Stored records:
_ _ _

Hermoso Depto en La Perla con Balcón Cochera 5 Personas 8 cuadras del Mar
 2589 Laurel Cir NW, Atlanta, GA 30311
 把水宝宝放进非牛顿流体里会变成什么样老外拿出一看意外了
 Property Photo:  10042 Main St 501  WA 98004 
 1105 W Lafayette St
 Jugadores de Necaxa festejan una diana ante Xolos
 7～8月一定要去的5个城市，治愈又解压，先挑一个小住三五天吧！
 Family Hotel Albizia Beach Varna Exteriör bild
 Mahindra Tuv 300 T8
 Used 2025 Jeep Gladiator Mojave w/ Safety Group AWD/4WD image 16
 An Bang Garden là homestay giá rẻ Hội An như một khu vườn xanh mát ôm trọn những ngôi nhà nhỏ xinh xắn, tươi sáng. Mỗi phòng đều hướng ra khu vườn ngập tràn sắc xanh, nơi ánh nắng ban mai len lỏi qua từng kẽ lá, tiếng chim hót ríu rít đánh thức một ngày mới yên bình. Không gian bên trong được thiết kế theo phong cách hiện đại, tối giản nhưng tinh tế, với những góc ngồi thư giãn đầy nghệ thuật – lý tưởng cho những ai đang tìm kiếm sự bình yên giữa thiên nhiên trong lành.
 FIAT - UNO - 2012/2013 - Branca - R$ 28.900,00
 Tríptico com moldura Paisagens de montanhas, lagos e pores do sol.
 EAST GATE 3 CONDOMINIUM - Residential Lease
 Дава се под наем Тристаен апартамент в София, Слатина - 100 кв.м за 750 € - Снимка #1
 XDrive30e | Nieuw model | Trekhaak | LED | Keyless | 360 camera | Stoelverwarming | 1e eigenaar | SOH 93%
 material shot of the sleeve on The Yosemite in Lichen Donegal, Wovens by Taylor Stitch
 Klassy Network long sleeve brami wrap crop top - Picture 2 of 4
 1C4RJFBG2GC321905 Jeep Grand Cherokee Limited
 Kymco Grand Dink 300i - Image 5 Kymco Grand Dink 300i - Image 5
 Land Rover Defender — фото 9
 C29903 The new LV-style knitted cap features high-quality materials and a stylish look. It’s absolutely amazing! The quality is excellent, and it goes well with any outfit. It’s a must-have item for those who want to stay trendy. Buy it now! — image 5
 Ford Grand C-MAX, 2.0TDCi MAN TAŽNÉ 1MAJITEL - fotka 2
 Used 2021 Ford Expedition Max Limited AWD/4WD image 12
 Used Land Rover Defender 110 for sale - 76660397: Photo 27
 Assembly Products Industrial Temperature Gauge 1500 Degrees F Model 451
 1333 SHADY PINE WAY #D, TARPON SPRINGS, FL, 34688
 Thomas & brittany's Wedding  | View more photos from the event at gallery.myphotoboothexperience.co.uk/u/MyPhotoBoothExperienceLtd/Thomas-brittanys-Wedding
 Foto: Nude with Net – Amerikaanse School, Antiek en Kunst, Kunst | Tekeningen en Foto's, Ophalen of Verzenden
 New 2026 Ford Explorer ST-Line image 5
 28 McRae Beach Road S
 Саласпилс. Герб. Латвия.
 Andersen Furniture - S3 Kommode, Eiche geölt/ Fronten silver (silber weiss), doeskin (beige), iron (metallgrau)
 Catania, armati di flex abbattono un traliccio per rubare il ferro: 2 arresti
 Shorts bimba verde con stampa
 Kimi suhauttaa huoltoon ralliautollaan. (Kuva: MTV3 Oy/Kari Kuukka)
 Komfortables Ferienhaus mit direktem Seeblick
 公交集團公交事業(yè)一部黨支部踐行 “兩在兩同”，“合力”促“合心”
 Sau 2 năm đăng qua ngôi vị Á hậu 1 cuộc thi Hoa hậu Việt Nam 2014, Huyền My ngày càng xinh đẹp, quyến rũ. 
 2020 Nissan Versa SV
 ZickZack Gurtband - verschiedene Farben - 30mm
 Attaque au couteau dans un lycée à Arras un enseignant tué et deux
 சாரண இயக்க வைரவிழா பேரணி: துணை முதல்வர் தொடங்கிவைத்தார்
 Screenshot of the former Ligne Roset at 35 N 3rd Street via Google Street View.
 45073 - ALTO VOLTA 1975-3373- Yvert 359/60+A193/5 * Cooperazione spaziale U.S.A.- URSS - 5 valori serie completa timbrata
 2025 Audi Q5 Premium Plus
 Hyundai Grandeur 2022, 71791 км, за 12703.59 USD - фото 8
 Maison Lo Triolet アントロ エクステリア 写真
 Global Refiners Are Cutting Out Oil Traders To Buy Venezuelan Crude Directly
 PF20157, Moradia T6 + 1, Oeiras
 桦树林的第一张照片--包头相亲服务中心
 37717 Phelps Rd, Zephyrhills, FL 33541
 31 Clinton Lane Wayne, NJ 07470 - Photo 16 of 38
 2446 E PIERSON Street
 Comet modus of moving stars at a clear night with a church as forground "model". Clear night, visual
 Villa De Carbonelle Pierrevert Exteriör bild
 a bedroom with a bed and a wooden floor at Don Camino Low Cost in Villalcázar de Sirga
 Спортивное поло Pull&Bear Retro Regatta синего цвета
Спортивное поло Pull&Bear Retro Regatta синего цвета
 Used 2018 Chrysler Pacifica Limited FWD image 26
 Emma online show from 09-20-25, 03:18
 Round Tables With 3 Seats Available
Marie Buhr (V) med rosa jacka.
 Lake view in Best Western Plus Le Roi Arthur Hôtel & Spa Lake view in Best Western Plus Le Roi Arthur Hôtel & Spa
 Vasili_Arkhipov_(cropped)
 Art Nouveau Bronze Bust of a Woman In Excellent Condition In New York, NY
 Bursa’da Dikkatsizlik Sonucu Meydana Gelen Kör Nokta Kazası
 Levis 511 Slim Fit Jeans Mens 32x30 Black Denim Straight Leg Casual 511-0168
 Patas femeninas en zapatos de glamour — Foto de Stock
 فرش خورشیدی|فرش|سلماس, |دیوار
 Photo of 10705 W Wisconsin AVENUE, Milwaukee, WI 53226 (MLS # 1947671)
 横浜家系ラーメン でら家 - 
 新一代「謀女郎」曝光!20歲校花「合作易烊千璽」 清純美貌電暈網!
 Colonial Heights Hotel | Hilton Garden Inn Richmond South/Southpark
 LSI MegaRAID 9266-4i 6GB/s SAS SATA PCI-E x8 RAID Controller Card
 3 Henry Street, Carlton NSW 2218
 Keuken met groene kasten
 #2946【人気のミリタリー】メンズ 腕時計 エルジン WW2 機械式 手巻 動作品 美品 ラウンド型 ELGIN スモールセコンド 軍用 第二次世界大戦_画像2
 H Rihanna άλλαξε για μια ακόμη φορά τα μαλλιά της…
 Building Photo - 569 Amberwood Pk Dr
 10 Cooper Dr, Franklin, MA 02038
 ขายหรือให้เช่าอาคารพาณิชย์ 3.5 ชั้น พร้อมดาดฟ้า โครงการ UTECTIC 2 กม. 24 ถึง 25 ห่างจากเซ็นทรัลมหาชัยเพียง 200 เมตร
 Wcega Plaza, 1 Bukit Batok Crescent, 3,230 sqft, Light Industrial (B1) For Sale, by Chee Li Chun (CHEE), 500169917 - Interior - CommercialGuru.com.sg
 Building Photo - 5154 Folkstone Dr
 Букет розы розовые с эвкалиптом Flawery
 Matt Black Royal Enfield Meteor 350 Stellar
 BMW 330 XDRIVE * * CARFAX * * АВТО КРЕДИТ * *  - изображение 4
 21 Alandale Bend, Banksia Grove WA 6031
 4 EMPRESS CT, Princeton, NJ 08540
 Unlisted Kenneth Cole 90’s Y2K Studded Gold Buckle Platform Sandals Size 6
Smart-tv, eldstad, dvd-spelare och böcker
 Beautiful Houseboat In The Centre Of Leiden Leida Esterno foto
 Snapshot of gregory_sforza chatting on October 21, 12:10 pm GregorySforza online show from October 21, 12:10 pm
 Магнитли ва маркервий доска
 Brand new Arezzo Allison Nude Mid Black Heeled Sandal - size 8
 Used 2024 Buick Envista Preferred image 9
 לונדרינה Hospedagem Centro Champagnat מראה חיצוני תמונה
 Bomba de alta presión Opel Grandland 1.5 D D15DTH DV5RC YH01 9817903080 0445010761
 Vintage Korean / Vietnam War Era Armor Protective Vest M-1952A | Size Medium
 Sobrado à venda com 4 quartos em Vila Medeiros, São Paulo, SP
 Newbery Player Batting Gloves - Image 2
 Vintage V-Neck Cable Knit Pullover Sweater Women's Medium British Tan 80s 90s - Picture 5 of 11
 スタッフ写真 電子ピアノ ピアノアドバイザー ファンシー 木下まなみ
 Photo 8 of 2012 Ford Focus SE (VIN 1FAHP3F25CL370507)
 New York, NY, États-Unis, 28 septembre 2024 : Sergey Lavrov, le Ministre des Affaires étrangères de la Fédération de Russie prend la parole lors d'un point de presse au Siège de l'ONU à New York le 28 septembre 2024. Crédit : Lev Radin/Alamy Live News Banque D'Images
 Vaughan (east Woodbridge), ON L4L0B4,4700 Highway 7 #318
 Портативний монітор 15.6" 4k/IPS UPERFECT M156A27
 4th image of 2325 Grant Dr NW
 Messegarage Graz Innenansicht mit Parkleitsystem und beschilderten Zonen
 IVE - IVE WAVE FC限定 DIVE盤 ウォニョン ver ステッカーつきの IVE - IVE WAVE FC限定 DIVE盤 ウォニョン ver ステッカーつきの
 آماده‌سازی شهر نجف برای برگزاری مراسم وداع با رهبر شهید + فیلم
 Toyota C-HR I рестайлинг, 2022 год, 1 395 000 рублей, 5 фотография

_ _ _

• **Task**: In the data above, start at the line that has "XDrive30e | Nieuw", stop after the line that has "C29903 The new", and print every line in between exactly as it stands.

• **The answer**:
 XDrive30e | Nieuw model | Trekhaak | LED | Keyless | 360 camera | Stoelverwarming | 1e eigenaar | SOH 93%
 material shot of the sleeve on The Yosemite in Lichen Donegal, Wovens by Taylor Stitch
 Klassy Network long sleeve brami wrap crop top - Picture 2 of 4
 1C4RJFBG2GC321905 Jeep Grand Cherokee Limited
 Kymco Grand Dink 300i - Image 5 Kymco Grand Dink 300i - Image 5
 Land Rover Defender — фото 9
 C29903 The new LV-style knitted cap features high-quality materials and a stylish look. It’s absolutely amazing! The quality is excellent, and it goes well with any outfit. It’s a must-have item for those who want to stay trendy. Buy it now! — image 5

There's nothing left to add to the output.